1. If length is $l$ and width is $w$, the algebraic representation is:
   (A) $l - w = 4, l + w = 36$

   (B) $l + w = 4, l - w = 36$

   (C) $l = 4w, l + w = 72$

   (D) $l - w = 4, 2(l + w) = 36$
   Show Solution
   Solution: (A) $l - w = 4, l + w = 36$
   Reason: Length is 4 more than width $\Rightarrow l - w = 4$. Half perimeter is $l + w = 36$.
2. Find the dimensions of the garden.
   (A) 20 m, 16 m

   (B) 16 m, 20 m

   (C) 24 m, 12 m

   (D) 30 m, 6 m
   Show Solution
   Solution: (A) 20 m, 16 m
   Step 1: Add the two equations: $(l-w) + (l+w) = 4 + 36 \Rightarrow 2l = 40 \Rightarrow l = 20$.
   Step 2: $20 + w = 36 \Rightarrow w = 16$.

Two friends are solving a system of linear equations graphically.

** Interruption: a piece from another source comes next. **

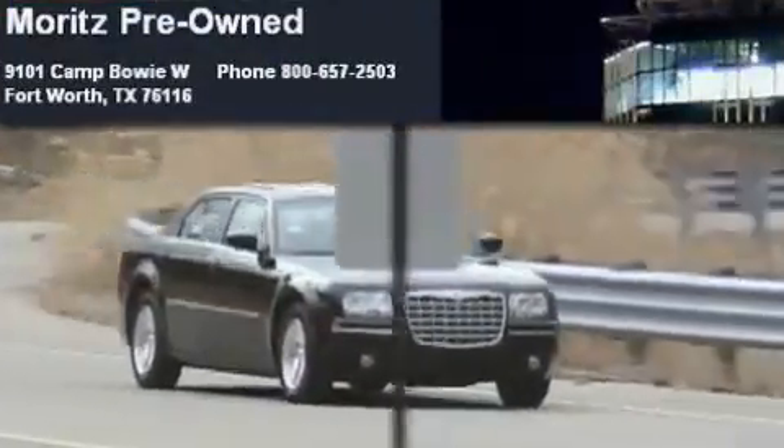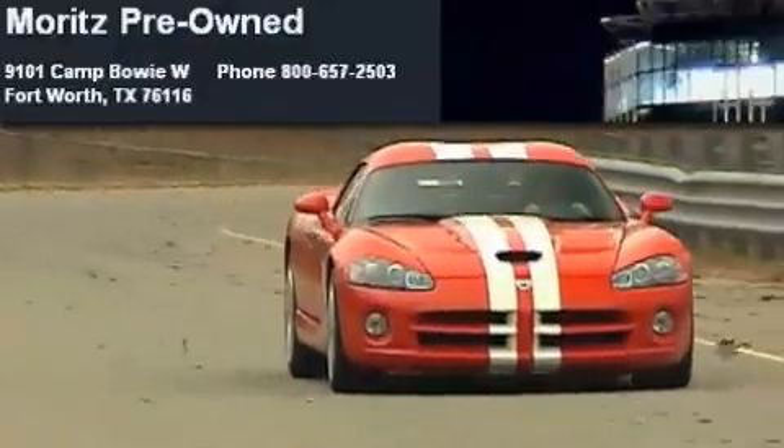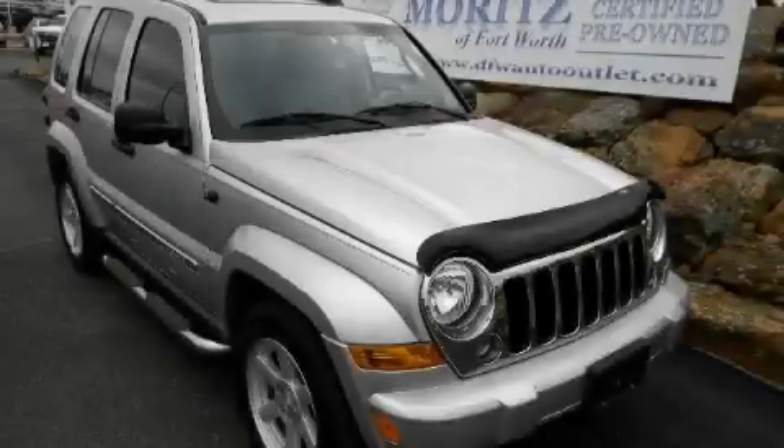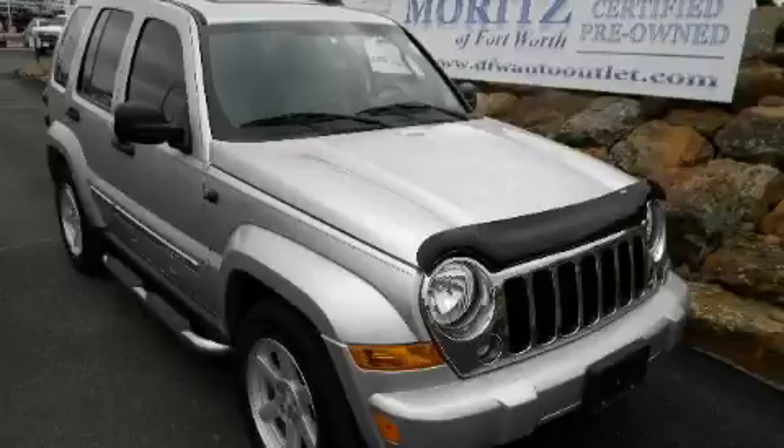Another fine vehicle offered by Moritz Chevrolet Chrysler Jeep Dodge. This is a 2006 Jeep Liberty, a vehicle with safety, comfort and space.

The equations are $x - 2y = 0$ and $3x + 4y = 20$.

1. The nature of the lines representing these equations is:
   (A) Parallel

   (B) Coincident

   (C) Intersecting

   (D) Perpendicular
   Show Solution
   Solution: (C) Intersecting
   Reason: Compare ratios: $a_1/a_2 = 1/3$, $b_1/b_2 = -2/4 = -1/2$. Since $a_1/a_2 \neq b_1/b_2$, lines are intersecting.
2. The solution of the system (intersection point) is:
   (A) (2, 4)

   (B) (4, 2)

   (C) (0, 0)

   (D) (6, 1)
   Show Solution
   Solution: (B) (4, 2)
   Step 1: From eq(1), $x = 2y$. Substitute in eq(2): $3(2y) + 4y = 20 \Rightarrow 10y = 20 \Rightarrow y = 2$.
   Step 2: $x = 2(2) = 4$. Point is $(4, 2)$.